Today, Bill and Adele Malley have virtually retired, stepping out of day-to-day operations to let the third generation continue building on the sweet tradition of Malley’s and concoct the next chapters. Malley says the company has great opportunity for growth.

“We think our retail business has continued growth potential and perhaps beyond Northeast Ohio,” Malley says. “And, it’s no mystery the challenges that many schools are facing with renewing levies, and with more schools moving to pay-to-play, there is a real opportunity for Malley’s to provide a fundraising service, and we think we can grow that market as well.”

Of course, brand recognition and scaling up the business will present new challenges if the company decides to expand beyond the region. Here, Malley’s brand is a household name and enthusiasts put CHOC stickers on their cars in hopes of winning the company’s promised $500 if the mint, pink and brown emblem is spotted.

“It will take thought into how you service and grow a chain of stores as far as manufacturing facilities, logistics, infrastructure,” Malley says. “The key to all of these things is making sure we produce the best product and retain the terrific people we work with.”

Now in the business working alongside family, Malley says he feels a sense of servitude and obligation to help continue the tradition and support loyal employees who care very much for Malley’s. “The people here at Malley’s are looking to us, the third generation, and we’re in the business to make sure we sustain and maintain this,” he says.

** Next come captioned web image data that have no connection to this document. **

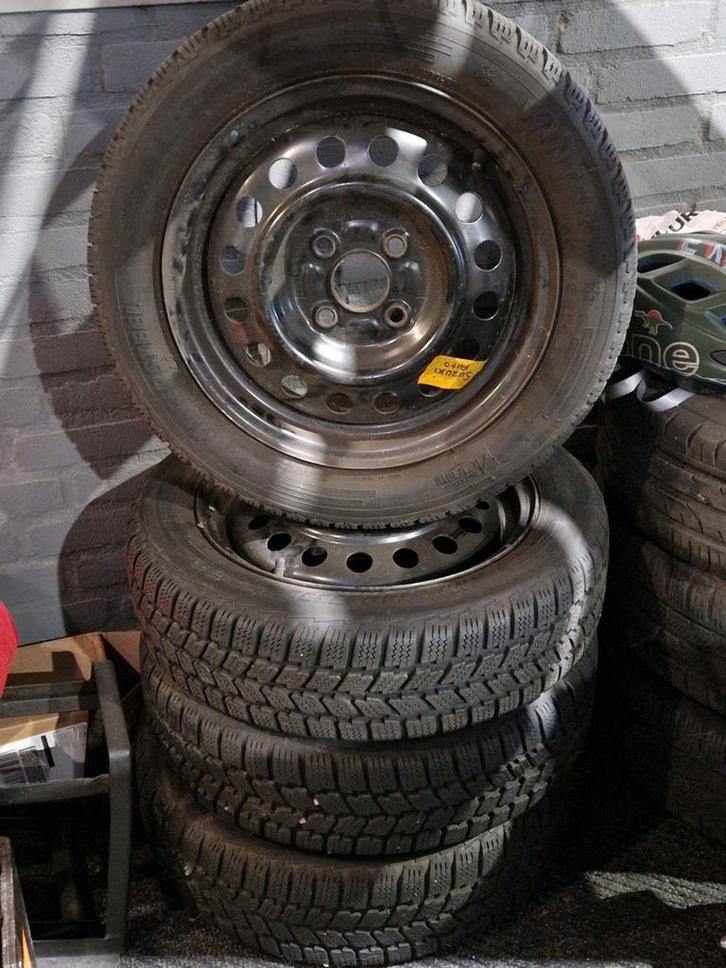 Stalen velgen met winterbanden 155/65R14 - Suzuki/Citroen, Auto-onderdelen, Banden en Velgen, Banden en Velgen, Winterbanden, 14 inch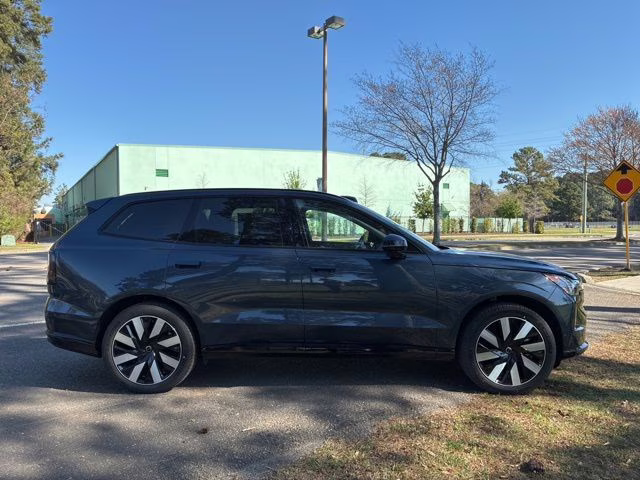 2025 Denim Blue Volvo EX90 Twin Motor Performance Ultra 7-Seater AWD SUV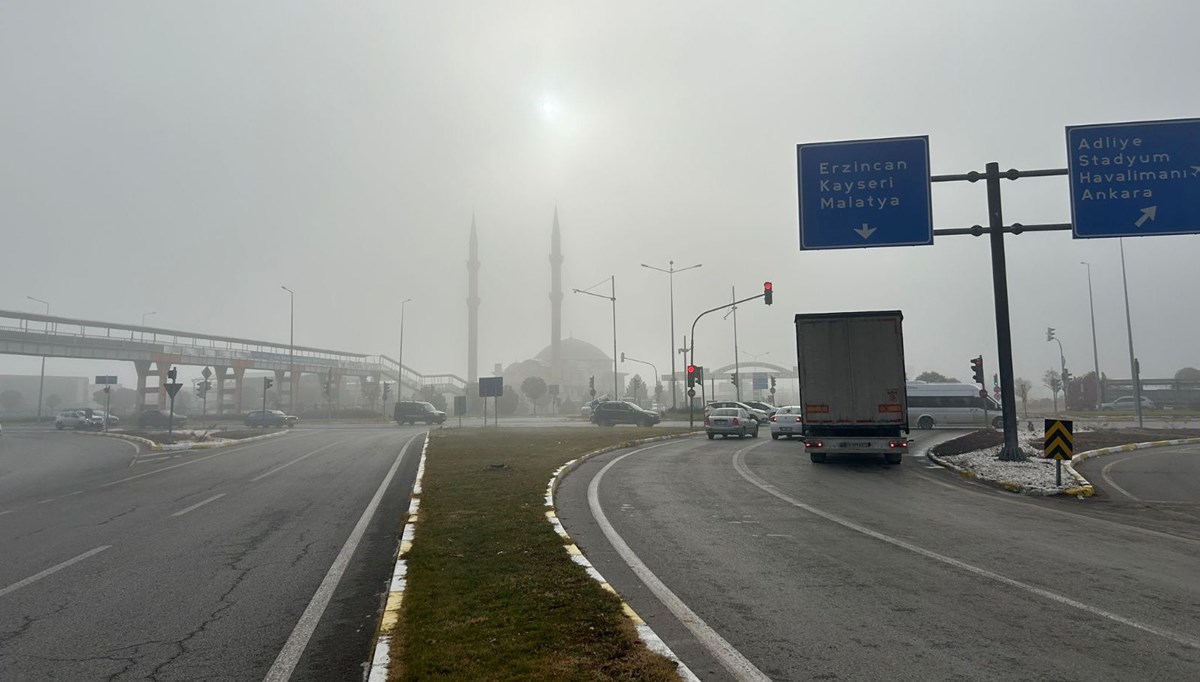 Sivas'ta yoğun sis hayatı olumsuz etkiledi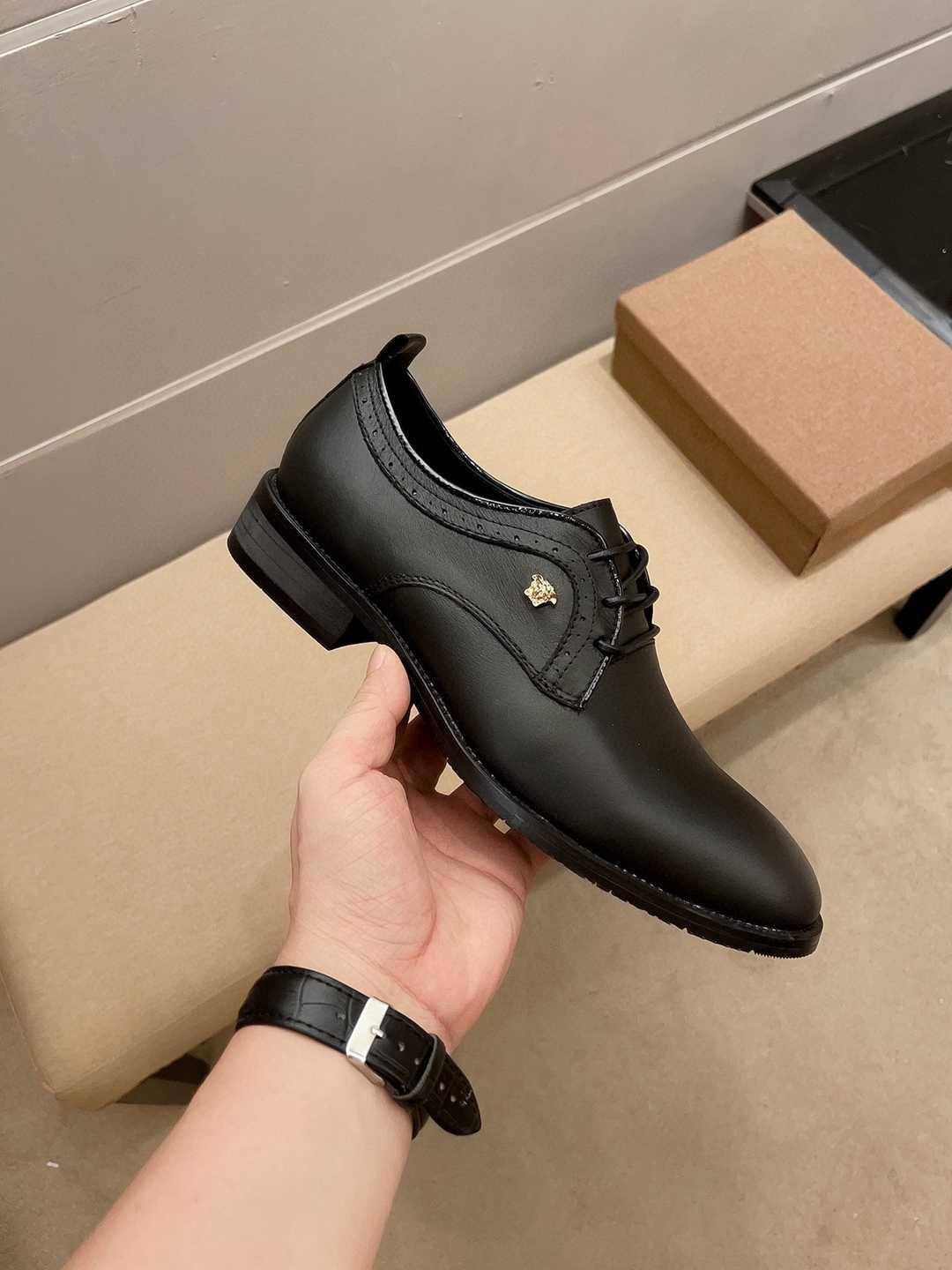 Versace Men’s Leather Dress Shoes 1617230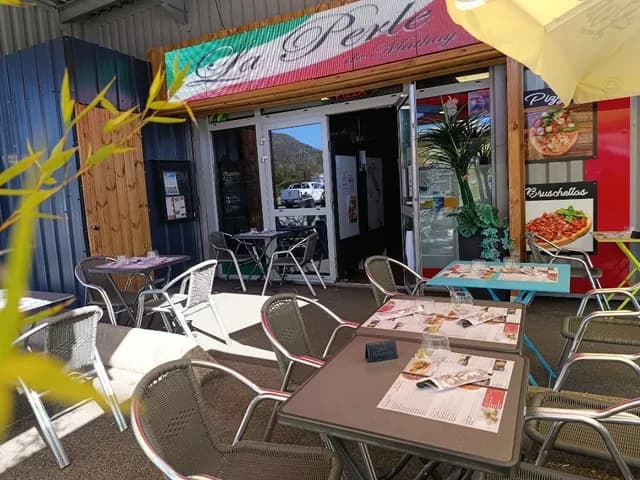 La terrasse et la devanture du restaurant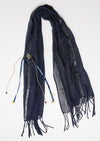 De duurzame, handgemaakte, betekenisvolle Stripe sjaal in donkerblauw die elegant gedrapeerd is en een intrigerend patroon van verweven kleuren en texturen laat zien
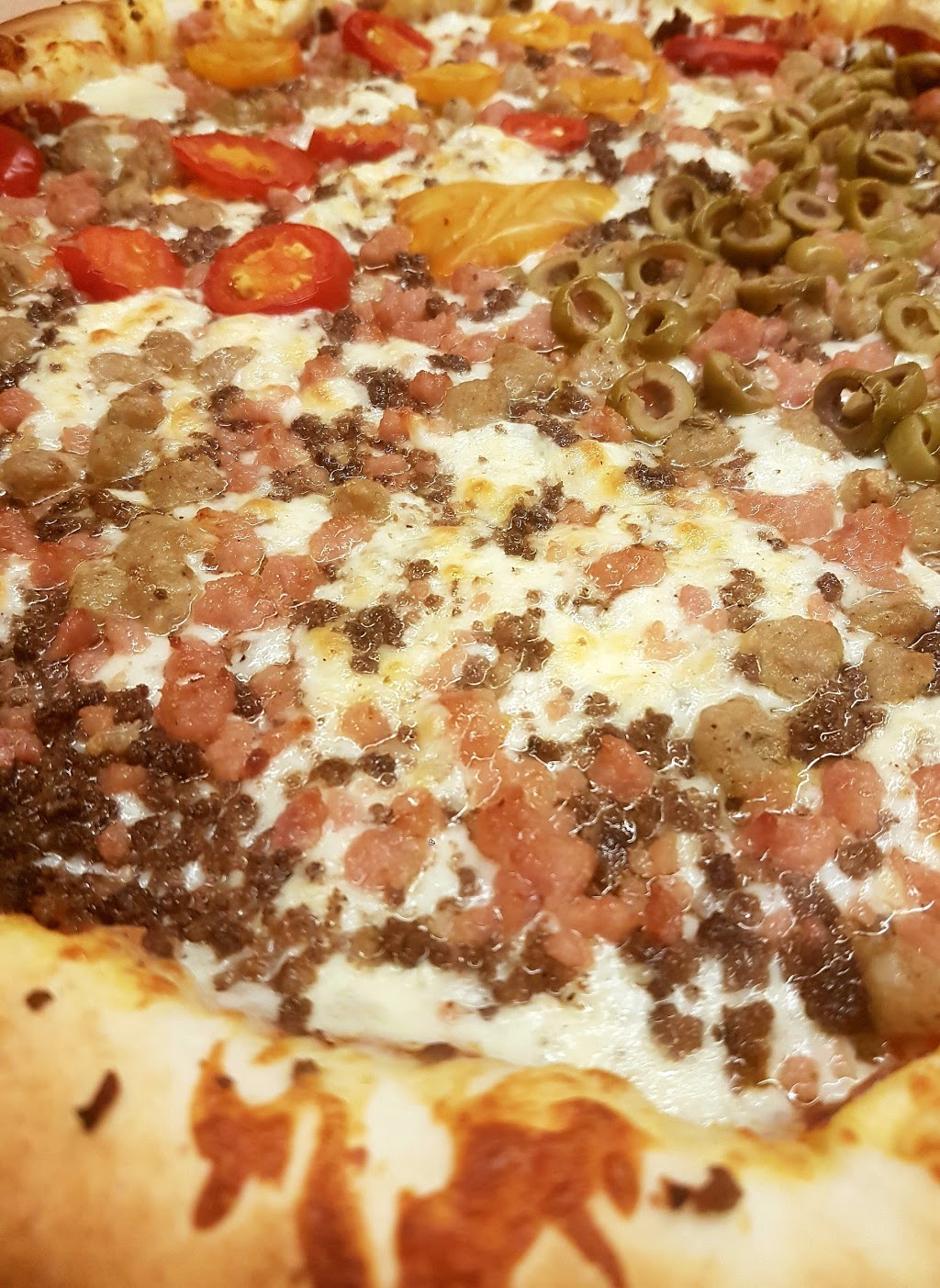 Gs Pizza & Donair | 2 Club Rd, Hatchet Lake, NS B3T 1P8, Canada | Phone: (902) 852-2220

Malley says his parents had “unyielding passion” for the business. “I mean, they really loved the business,” he says. “And they are genuinely fond of our customers, and that is one of our big-picture [keys to success]. You always hear people say, ‘Take care of your customers.’ My parents, when you came into their stores, made you feel special. And that has paid off in big dividends. As Malley’s has grown, we make sure we stay true to our roots. We may have 21 stores, but we want to make sure we are just as connected to the customers that come into every one of those locations.”